Two hundred years ago this month, on 8th September 1820, two men were hanged and then beheaded in Broad Street, Stirling. They were John Baird, aged 38, and Andrew Hardie, aged 28. Found guilty of treason at what can only be called a show trial, their crime had been their involvement in the Scottish Radical Rising of 1820.
Both men were weavers to trade and had also served in the British army. It was this military experience and also their own leadership qualities which led to them being at the front of a small Radical army. This band marched out of Glasgow and Condorrat at Cumbernauld through a very wet night, heading for the Carron Ironworks at Falkirk. They planned to seize cannon there. Although they were sincere in their aims and their passionate support for political and social reform, it seems certain they had been tricked into this action by government agents provocateurs.
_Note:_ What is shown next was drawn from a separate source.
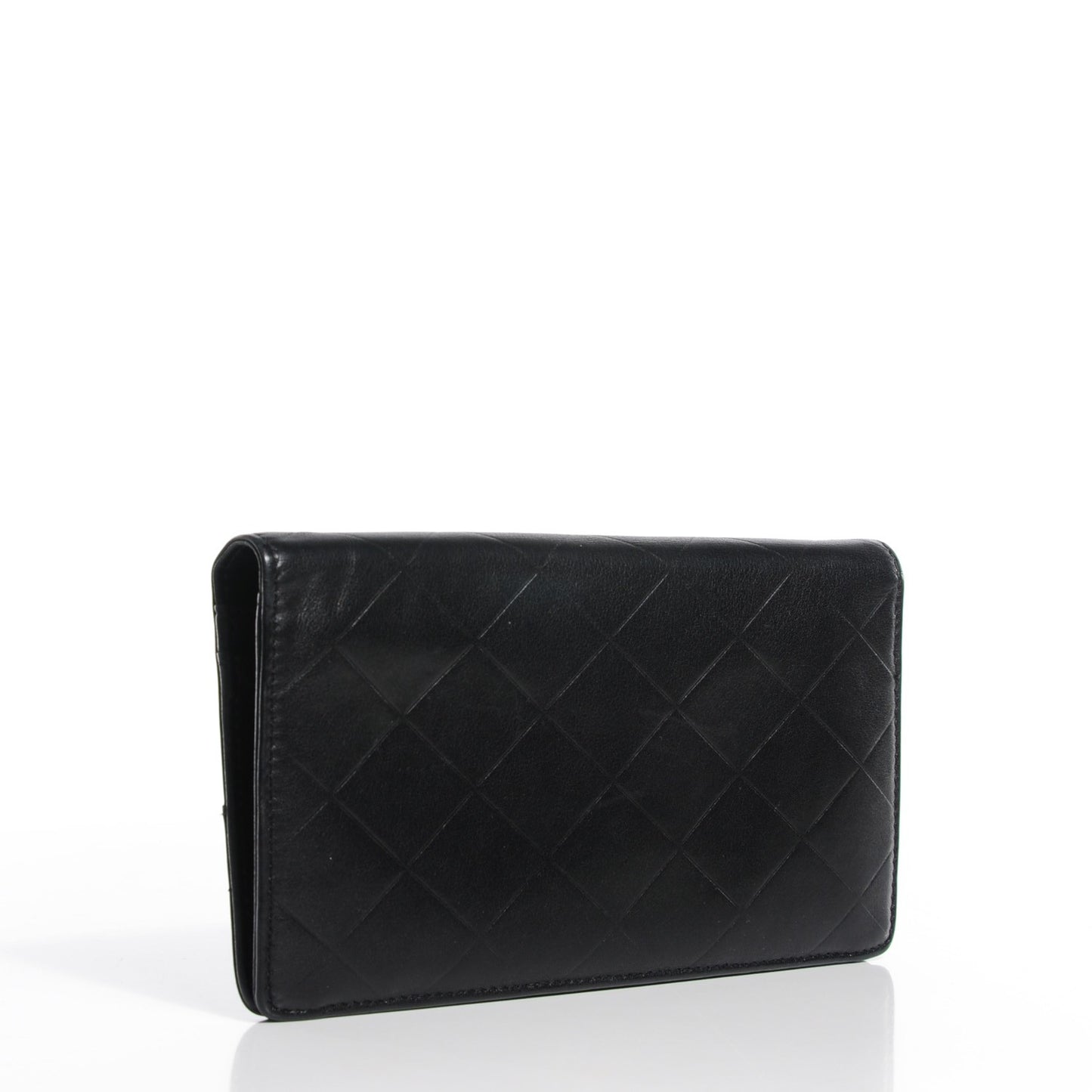 Lambskin Quilted Yen Wallet Black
Intercepted by a unit from the regular British army and the local Stirlingshire Yeomanry, there was a short skirmish at Bonnymuir near Falkirk. Although the men and boys of the Radical army fought bravely, they were soon overpowered. Some managed to escape. Most were taken to imprisonment at Stirling Castle.
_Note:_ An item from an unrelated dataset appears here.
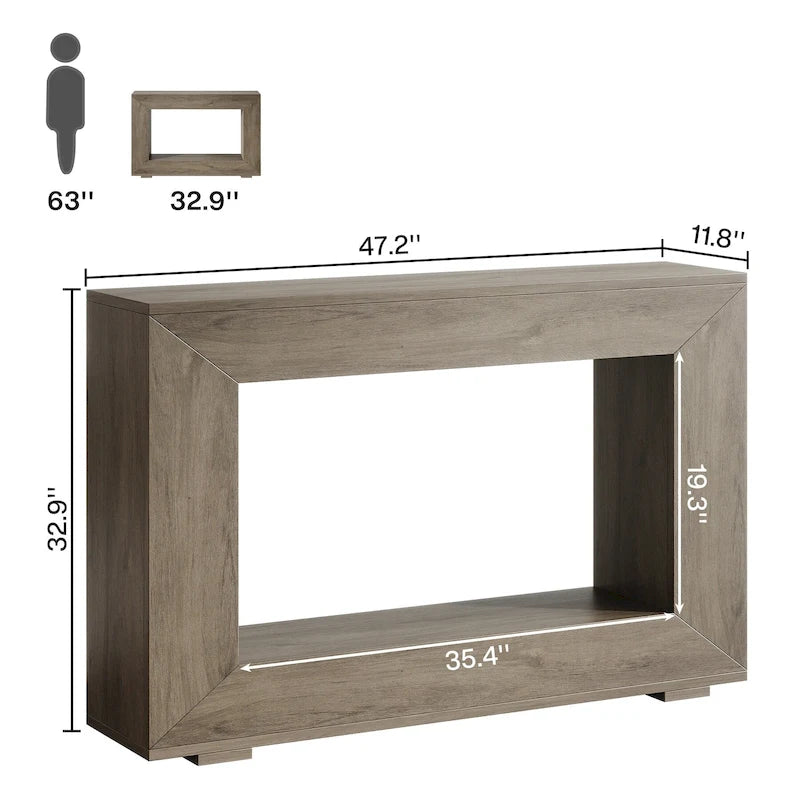 Console rustique de 47 pouces pour entrée, couloir et salon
Tried under English Law in Stirling a few months later, Andrew Hardie and John Baird were sentenced to death. Nineteen of their comrades were sentenced to be transported to Australia. Shortly before he died, standing on a scaffold erected in Broad Street, Andrew Hardie declared: ‘I die a martyr to the cause of truth and justice.’ John Baird said the same. The two men were buried in pauper’s graves in the graveyard of Stirling’s Church of the Holy Rude.
Decades later, their bodies were exhumed and brought to Glasgow, where they were re-interred at Sighthill Cemetery in the north of the city. The monument above their last resting place also honours James Wilson of Strathaven. He was another Radical weaver, hanged and then beheaded on Glasgow Green on 30th August 1820.